EvolutionofthemMindIn a strange confluence of circumstances, Advocate editors approved a show review. Typically, we profile artists or preview events. It’s our small contribution to Corvallis’ arts and entertainment scene. However, we were feeling ornery the day a  member of a local band challenged us to quit our superlative ways and come to his Tuesday night gig for some real musical discourse. We don’t usually negotiate with terrorists, but he did invite us. Anything short of attending would have been rude.

Evolution of the Mind, a guitar and bass duo, derives its inspiration from multiple genres, including rock, blues, funk, folk, and jam traditions. During this particular show, Chris Farrell, guitarist, and John Hroza, bass player, served up a veritable goulash of covers and originals to an intimate seven-person audience, two of who were children, at Dock 22.

I arrived with my partner-in-crime halfway through a cover of “Come on,” also known as “Let the Good Times Roll,” by New Orleans bluesman Earl King. Waiting for my pints, I noticed that the tempo was decidedly slower than the original. The delicate art of cover songs dictates some degree of reinterpretation so as to maintain audience interest and skirt copyright violations. However, Evolution’s muttered lyrics and dirge-like pace failed to convince anyone that this was indeed a good time.

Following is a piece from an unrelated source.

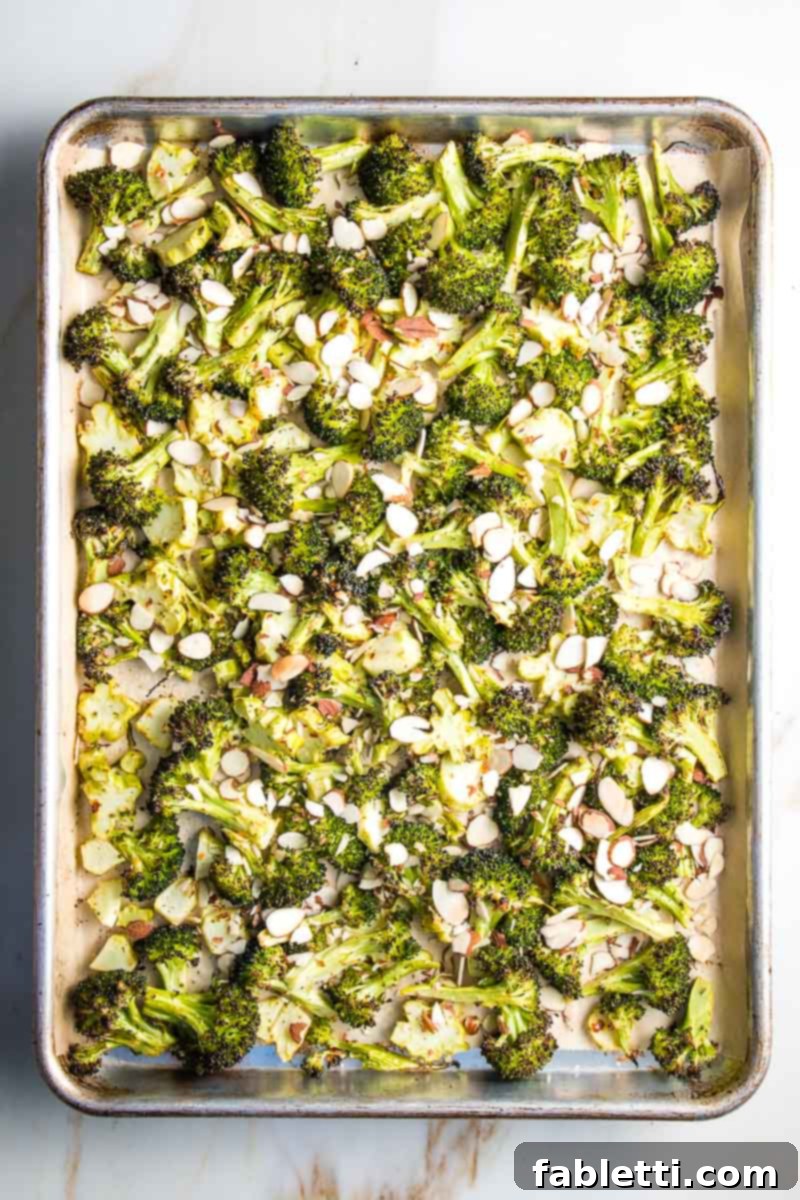 Roasted broccoli on a sheet pan, with sliced almonds sprinkled over and ready for the final roast.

As it turns out, mumbled crooning and contemplative strumming are Evolution of the Mind’s contributions to the field. Hroza’s vocals are more articulate than Farrell’s. The former’s versions of “Lodi” by Creedence Clearwater Revival and “Presence of the Lord” by Blind Faith nearly convinced me that these were gentle, stripped-down renditions inviting listeners to linger in the music. However, Farrell’s turn at the mic inevitably brought us back to earth. His lyrical adaptation of Eric Clapton’s “After Midnight” stumbled along like a junkie on the nod, which perhaps signifies the dark side of the 70s and Clapton’s personal struggle with addiction.

Any benefit of the doubt disappeared when Farrell broke into the most depressing version of “Tell Him” by the Exciters that I’ve ever heard. That sassy, assertive message, performed by an adorable 60s girl group, turned into the lamentation of one who failed to act. Imagine Victorian spinsters gone mad from the loss of true love, rocking themselves in a dusty attic corner. “Tell him… tell him… you’re always going to love… him.”

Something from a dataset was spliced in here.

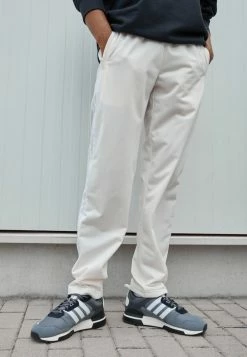 Adidas Originals STRAIGHT - Tracksuit Bottoms - Off-white -Adidas Originals Shop f3240415c8314c3e85fdce135390b98f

At this point in the set, two things came to mind: Marilyn Manson and Ozzy Osbourne. Manson is well known for juxtaposing innocuous covers and his guilty pleasure brand of horror rock. This recontextualization illuminates overlooked meaning, thus exposing the pop canon’s insanity. Perhaps Evolution shares a similar theory.

I can’t say definitively because the overall performance that Tuesday night at Dock 22 jogged a gin-shrouded karaoke memory from Columbus, OH, ca. 2002. A besotted Mickey’s Bar regular took the stage with an Ozzy Osbourne ballad. I don’t remember the song, just that we held our collective breath as he slurred through some 10 minutes of metal eternity. Toward the end, the crowd realized that, in his head, in that moment, Drunk Dude was the self-appointed Prince of Darkness.

I will never doubt someone’s transformative experience at the hands of music, regardless of the genre. This is why I will not doubt for one minute that Evolution of the Mind is sonically shaping the content of their souls to share with the public. After all, Hroza and Farrell are pretty good at their respective instruments; picking bell-like chords during their original pieces, and working in time with each other. Unfortunately, the set was dominated by the curious sensation of listening to a mixed tape on a dying Sony Walkman. Low key is important for a space the size of Dock 22, but Evolution has redefined the word.